Mustafa Kalaycı: “Bir ülkede yüksek yargı mensupları yasama tarafından çıkarılan bir kanunla görevinden alınabiliyor ve bunun yerleşmiş bir uygulama hâline gelmesi bize olağan bir ihtimal gibi görünüyorsa, Anayasa’da belirlenen sınırların pratikte hiçbir değeri kalmamaktadır. ”
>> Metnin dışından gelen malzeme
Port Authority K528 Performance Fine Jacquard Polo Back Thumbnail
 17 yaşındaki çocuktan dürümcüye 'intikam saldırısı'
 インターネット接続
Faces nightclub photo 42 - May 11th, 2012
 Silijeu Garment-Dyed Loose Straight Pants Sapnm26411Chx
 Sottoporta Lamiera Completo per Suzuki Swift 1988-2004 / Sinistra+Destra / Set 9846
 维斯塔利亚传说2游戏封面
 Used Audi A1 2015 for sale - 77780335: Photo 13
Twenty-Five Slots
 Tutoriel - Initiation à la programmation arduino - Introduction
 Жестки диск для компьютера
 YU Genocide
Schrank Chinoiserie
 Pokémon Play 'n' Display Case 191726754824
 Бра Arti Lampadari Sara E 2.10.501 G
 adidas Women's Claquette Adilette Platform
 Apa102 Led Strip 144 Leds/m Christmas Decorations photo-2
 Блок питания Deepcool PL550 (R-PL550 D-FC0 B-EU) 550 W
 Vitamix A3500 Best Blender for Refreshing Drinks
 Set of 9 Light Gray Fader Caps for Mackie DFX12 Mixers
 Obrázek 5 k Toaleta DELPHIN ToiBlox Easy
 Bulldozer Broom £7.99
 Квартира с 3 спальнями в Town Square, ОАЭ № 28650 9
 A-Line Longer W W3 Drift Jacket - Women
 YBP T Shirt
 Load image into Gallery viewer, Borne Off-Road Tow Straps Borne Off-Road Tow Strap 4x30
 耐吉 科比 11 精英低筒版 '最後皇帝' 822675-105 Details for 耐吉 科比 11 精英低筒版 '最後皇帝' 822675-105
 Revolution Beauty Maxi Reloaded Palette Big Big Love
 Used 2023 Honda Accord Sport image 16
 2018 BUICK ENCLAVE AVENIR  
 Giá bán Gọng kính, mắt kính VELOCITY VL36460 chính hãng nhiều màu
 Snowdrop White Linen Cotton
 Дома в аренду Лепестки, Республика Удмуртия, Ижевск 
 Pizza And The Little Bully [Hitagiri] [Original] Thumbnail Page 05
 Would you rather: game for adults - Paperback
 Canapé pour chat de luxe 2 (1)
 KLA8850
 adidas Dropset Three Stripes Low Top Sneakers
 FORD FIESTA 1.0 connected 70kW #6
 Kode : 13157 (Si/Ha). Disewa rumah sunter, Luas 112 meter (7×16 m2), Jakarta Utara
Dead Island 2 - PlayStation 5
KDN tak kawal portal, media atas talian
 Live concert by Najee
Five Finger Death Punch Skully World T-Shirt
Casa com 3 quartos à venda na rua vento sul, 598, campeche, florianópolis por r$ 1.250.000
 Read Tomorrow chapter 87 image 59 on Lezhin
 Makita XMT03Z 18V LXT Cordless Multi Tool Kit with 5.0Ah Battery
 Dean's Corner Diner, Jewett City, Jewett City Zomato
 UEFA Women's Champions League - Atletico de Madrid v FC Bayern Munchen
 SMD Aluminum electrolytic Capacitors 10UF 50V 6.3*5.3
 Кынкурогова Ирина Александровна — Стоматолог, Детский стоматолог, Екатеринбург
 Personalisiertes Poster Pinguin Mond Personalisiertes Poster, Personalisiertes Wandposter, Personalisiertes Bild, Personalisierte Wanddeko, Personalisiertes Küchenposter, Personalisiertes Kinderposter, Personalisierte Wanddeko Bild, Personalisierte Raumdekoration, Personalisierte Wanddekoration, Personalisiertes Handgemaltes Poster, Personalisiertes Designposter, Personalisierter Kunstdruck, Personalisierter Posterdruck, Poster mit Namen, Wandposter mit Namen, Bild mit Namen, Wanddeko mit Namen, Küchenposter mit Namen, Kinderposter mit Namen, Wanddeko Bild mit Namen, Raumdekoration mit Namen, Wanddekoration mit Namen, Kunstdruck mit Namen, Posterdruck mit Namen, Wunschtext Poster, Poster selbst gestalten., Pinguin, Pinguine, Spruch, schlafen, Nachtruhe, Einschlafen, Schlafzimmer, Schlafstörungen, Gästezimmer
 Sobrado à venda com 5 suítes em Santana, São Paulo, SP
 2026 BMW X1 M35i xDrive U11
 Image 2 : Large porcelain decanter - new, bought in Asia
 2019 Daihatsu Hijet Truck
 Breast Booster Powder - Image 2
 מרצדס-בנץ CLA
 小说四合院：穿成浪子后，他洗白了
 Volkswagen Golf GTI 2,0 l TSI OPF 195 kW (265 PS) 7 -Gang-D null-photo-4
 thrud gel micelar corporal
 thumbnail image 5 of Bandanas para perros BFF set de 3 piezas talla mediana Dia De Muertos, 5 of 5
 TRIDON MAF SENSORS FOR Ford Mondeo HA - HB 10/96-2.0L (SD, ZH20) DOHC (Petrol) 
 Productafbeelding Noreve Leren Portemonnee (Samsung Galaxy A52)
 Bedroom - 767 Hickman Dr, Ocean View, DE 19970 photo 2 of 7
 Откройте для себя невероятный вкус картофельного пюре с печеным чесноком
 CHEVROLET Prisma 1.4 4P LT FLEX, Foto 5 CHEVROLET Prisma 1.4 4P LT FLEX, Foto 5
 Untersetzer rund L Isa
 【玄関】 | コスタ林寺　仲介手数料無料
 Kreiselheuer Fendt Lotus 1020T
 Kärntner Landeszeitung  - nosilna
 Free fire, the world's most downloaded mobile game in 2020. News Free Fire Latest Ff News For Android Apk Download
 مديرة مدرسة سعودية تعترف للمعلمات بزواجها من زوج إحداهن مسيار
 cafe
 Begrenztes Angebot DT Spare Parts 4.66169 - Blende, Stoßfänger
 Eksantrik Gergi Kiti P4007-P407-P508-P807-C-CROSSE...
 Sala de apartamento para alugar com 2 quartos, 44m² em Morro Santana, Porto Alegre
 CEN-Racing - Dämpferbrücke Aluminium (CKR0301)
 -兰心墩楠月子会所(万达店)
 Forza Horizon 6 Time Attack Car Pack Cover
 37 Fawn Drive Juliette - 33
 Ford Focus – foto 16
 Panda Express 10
Milliyetçi Hareket Partisi Genel Sekreter Yardımcısı ve Konya Milletvekili Mustafa Kalaycı, TBMM Genel Kurul Danıştay Yasa Tasarısı görüşmeleri esnasında MHP adına bir konuşma yaptı. Kalaycı’nın konuşması şu şekilde:
Yargıtay Kanunu ihdas edildiği tarihten itibaren 4 veya 5 defa değiştirilmiş, AKP hükûmetleri zamanında ise 12 defa değiştirilmiştir. Yine, Danıştay Kanunu 9 defa değiştirilmiştir. HSYK Kanunu, Caza Muhakemesi Kanunu yine birçok defalar değiştirilmiştir, bir defa değiştirilen bir kez daha değiştirilmiştir. Bu kanunlarda en büyük değişiklikler konjonktürel gelişmelere göre zülfüyâre dokunan sert rüzgârların etkisiyle yapılmıştır.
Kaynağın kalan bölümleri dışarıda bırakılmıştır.